Our feet connect us to this ground called life.  We carve out our path, one step at a time.  Notice the footprints you are making. 

  • Are your steps filled with purpose and joy?  Or do you drag your heavy feet throughout the day?    
  • Are your feet dancing toward the beat of your heart?  Or does fear direct your movement through life? 
  • Do your feet rush so fast through life that you can hardly breathe?  Or do your feet meander this way and that way, smelling the roses along the journey?  

Look down at your feet.  They belong to you and nobody else.  They are yours to command.   Take charge and walk down the road of life you really want. 

Lesson Two:  Be bold.

Observe toddlers learning to walk.  Not afraid of failure, they are master adventurers of life.  Always falling, they persistently get back up again and again.      How did we become so frightened of trying? 

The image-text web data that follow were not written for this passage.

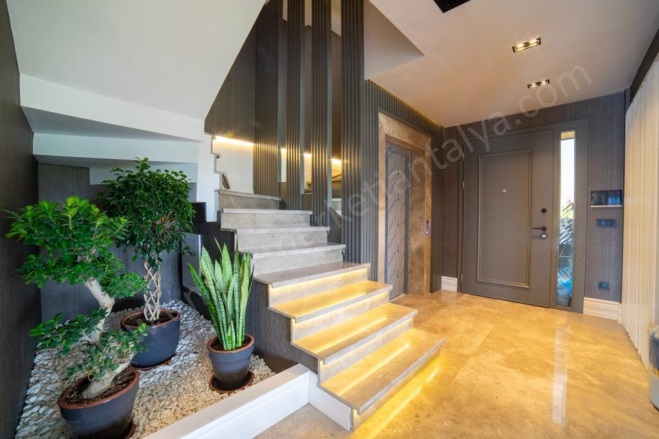 Güzeloba Mah. Muratpaşa Satılık Villa |  5+1 Oda | 360M2 47.500.000Tl  Krediye Uygun  | Tripleks | Doğalgaz(Kombi) | 4 Banyo Resim-4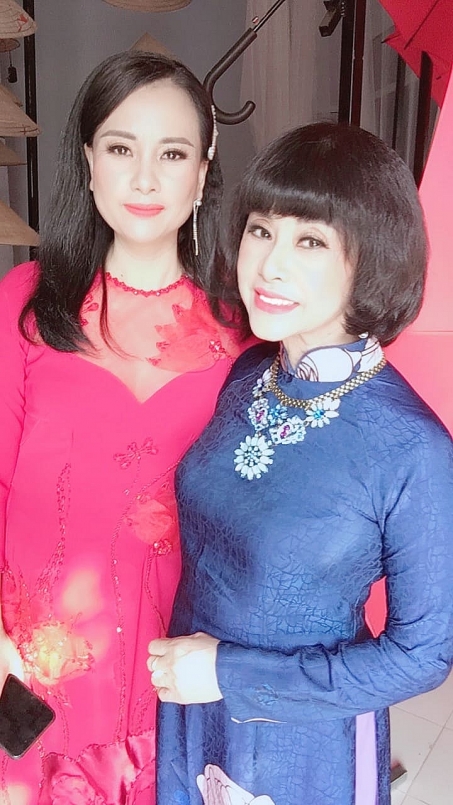 Hoa Nguyễn (áo hồng) chụp hình lưu niệm cùng NSUT Hồng Liên (áo xanh) tại một diễn đàn Bolero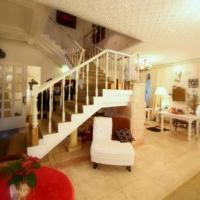 Фотографии отеля Сверчков 8 Отель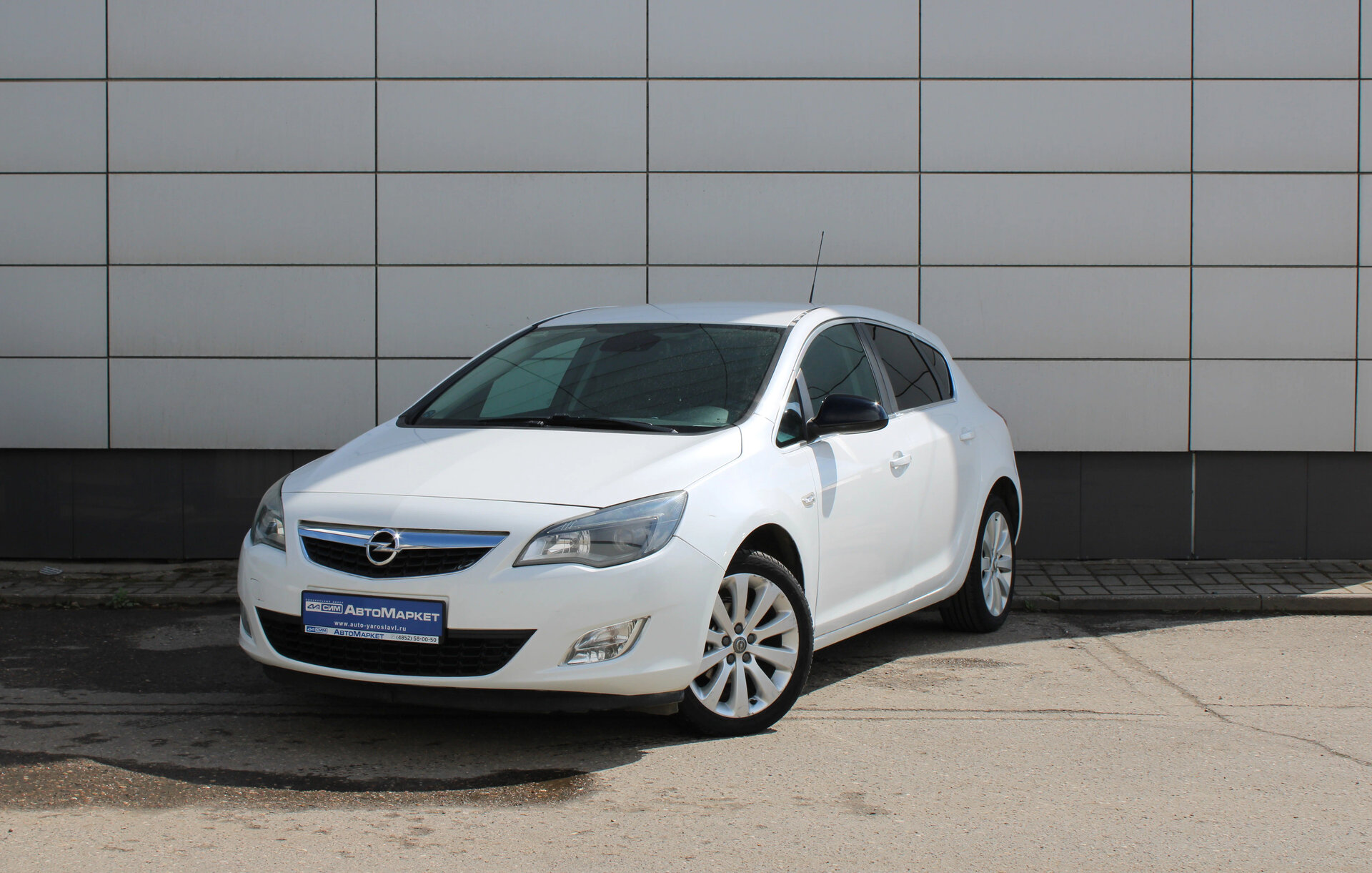 Белый Opel Astra 1.6 AT (115 л.с.) 2010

Remember what it feels to be three again, fearlessly exploring the world, without worrying about the outcome. 

  • What action would you take if you were not afraid of failure? 

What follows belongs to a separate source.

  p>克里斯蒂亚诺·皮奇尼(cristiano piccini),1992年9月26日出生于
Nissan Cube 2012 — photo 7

Take that risk.   DO IT NOW.

Lesson Three:  Walk Away.

Lay out all your shoes on the floor in front of you.  Wear each pair and ask the following questions:

  • Do my feet hurt?
  • Are the shoes too tight?
  • Do I feel imbalance wearing them?
  • Am I uncomfortable in them? 
  • Do I hate them? 

If you answer yes to any of these questions, it is time to give these shoes away.  You may be thinking, “What a waste of money!  I spent a fortune on those shoes.”   Yes, you may be wasting money but imagine walking through life in pain and misery.    

Just like hanging on to shoes that hurt us, many of us are so used to enduring pain and suffering silently.   We forget we have 2 feet.  We forget we can say no.  We forget that we can walk away.

Lesson Four:  Just start.

You may wish to create an evening of deep conversation and share this activity with some friends. 

Put on some slow music.  Bring along a bottle of special lotion (the one that you would buy to impress a special lover).  Gently and with reverence, massage your feet.  Don’t worry about techniques.  Just touch your feet in a way that feels good.  Do it slowly, one toe at a time.  Don’t forget the heels.  And most of all, don’t worry if your feet look good.  Just allow this sensuous massage to relax your whole body. 

As you take the time to cherish your feet, think of all the places and situations that you have walked.   No matter where you were, your feet have stood by you, grounded you and carried you through good and bad times. 

If you are doing this with friends, take turns and share the most meaningful memories. 

Discuss the following: 

  • If you could retrace any steps, would you have walked a different path? 
  • If the answer is yes, why not start now?  What is stopping you? 

All journeys begin with a single step.  So start. 

Lesson Five:  Embrace this moment. 

Sometimes we are so busy going somewhere that we neglect to just be here now.  Our minds are caught somewhere between the past and the future. 

To center yourself, look down at your feet.  Wherever your feet are, there you are.  Take a deep breath and exhale slowly.  Imagine your feet sinking deeply into this moment. Invite yourself to return to this moment, to this pair of feet.